Большинство обсуждаемых в настоящее время гипотез о происхождении языка их авторы стремятся согласовывать с достижениями разных наук, прежде всего - с законами эволюционной биологии (в некоторых работах это даже оговаривается специально (см., например [Pinker, 2003, p. 31]). Возникновение языка является одной из сторон эволюции человека, эволюция же в рамках дарвинистского подхода предстает как постепенное накопление адаптивных признаков под действием отбора. Соответственно, исследователи пытаются определить, какие преимущества могли давать гоминидам как язык в целом, так и отдельные его характеристики (в особенности сложный синтаксис).

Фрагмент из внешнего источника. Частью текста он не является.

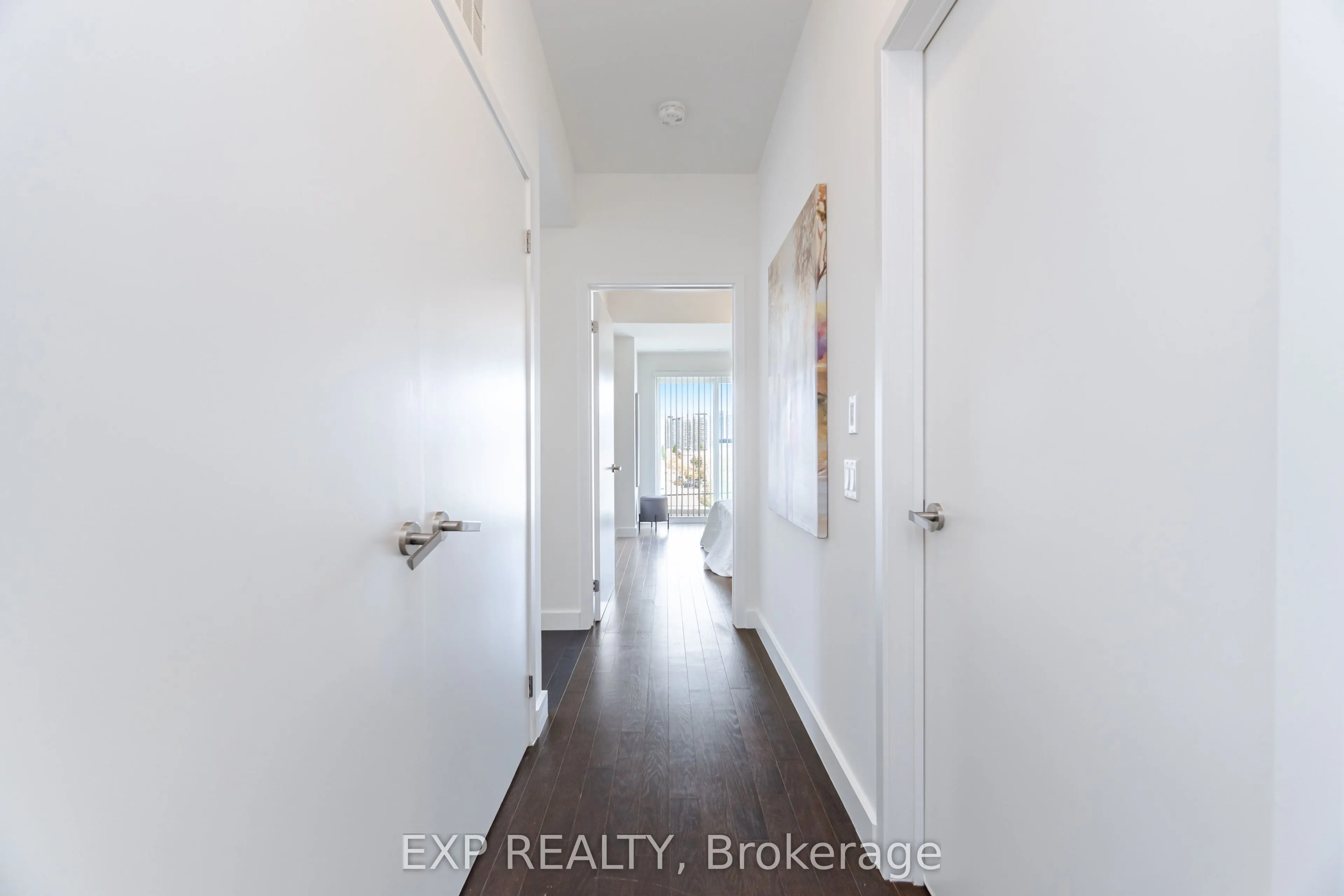 5025 Harvard Road, #305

Так, например, Н. Хомский и Д. Бикертон полагают, что адаптивный смысл языка состоит в обеспечении мышления. Однако эта идея не выдерживает критики: «системе, предназначенной для бесед с самим собой, не понадобилась бы фонология или фонетика, подогнанная к особенностям человеческого речевого тракта, не понадобились бы порядок слов, падежное маркирование или согласование, механизмы выделения топика или фокуса, - все то, что предполагает, что информация должна быть закодирована в виде линейного воспринимаемого сигнала» [Pinker, Jackendoff, 2005], язык не формируется у детей, лишенных доступа к языку [там же], - все это опровергает идею о том, что главной движущей силой глоттогенеза была необходимость обеспечения мышления.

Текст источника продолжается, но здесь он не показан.